**TASK DETAILS:** Reproduce every entry below exactly, minus the pictures.

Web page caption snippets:
※ ※ ※
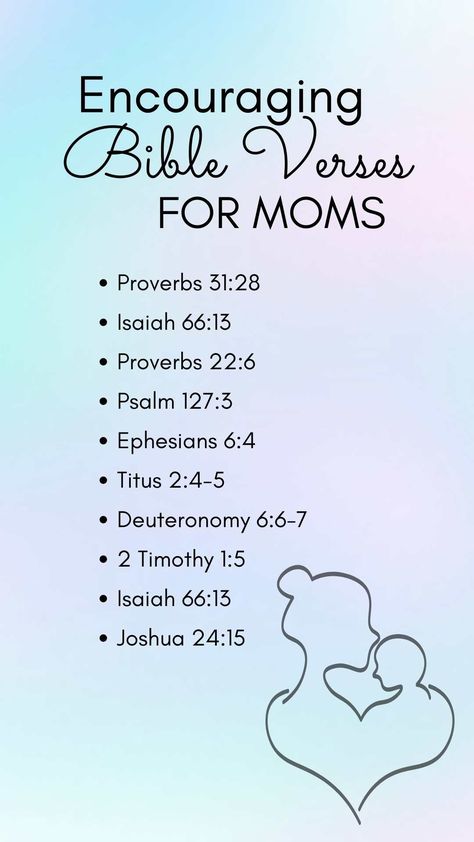 These encouraging Bible verses for moms are sure to encouage any mom in her journey of motherhood. Verses For Parenting, Bible Study For New Moms, Bible Verses For Moms, Verses For Moms, Comfort Verses, Family Bible Verses, Bible Verse For Moms, Hope Bible Verses, Bible Journaling For Beginners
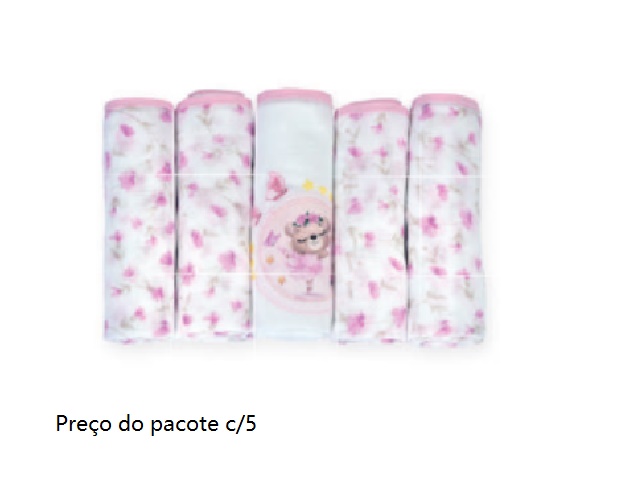 Fralda Minasrey Bebe Algodão C/bainha 70x68cm (c/5)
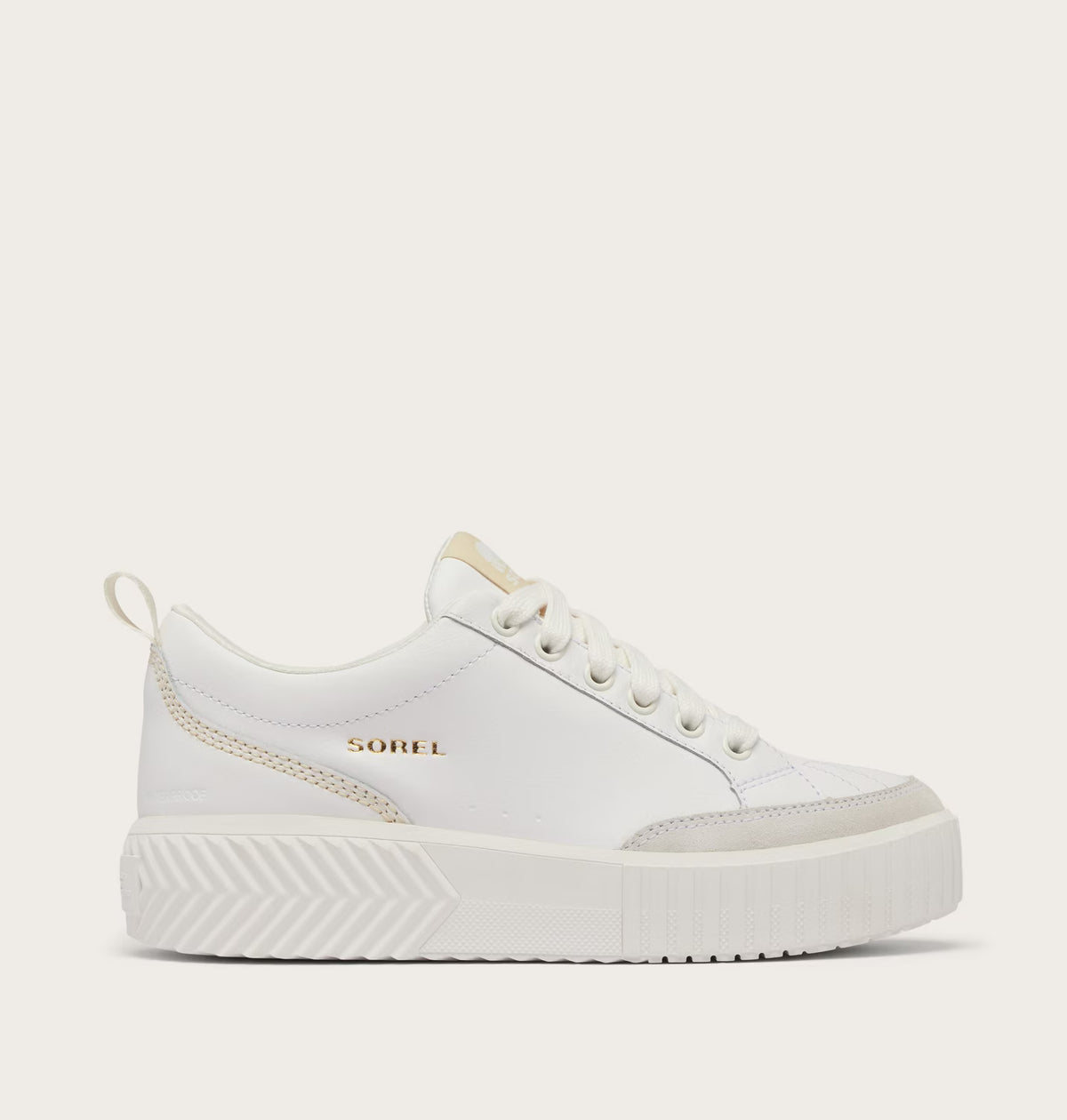 Sorel Women's Ona Ave Low Waterproof Sneaker in Sea Salt, Bleached Ceramic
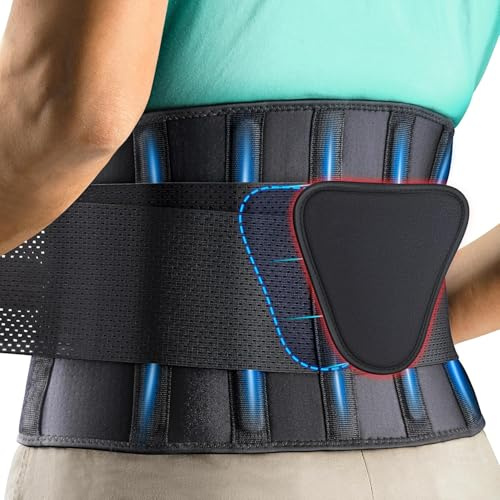 Generico Fitcorpox Fascia Lombare Supporto Schiena con Stecche Ergonomiche – Cintura Posturale Ortopedica Uomo Donna – Fascia Elastica Traspirante per Mal di Schiena, Postura, Sport,Lavoro (XL)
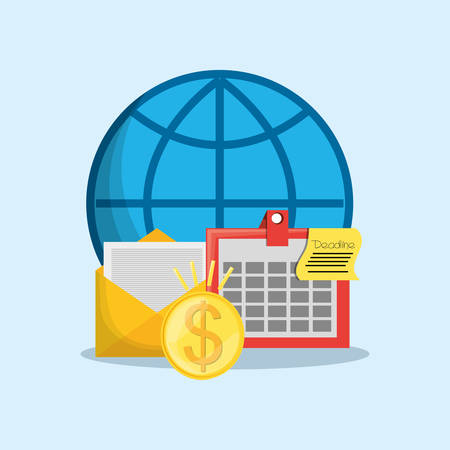 Business and strategy design with coin, planner, envelope and other iconsのイラスト素材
※ ※ ※
**WRITTEN SOLUTION:**
 These encouraging Bible verses for moms are sure to encouage any mom in her journey of motherhood. Verses For Parenting, Bible Study For New Moms, Bible Verses For Moms, Verses For Moms, Comfort Verses, Family Bible Verses, Bible Verse For Moms, Hope Bible Verses, Bible Journaling For Beginners
 Fralda Minasrey Bebe Algodão C/bainha 70x68cm (c/5)
 Sorel Women's Ona Ave Low Waterproof Sneaker in Sea Salt, Bleached Ceramic
 Generico Fitcorpox Fascia Lombare Supporto Schiena con Stecche Ergonomiche – Cintura Posturale Ortopedica Uomo Donna – Fascia Elastica Traspirante per Mal di Schiena, Postura, Sport,Lavoro (XL)
 Business and strategy design with coin, planner, envelope and other iconsのイラスト素材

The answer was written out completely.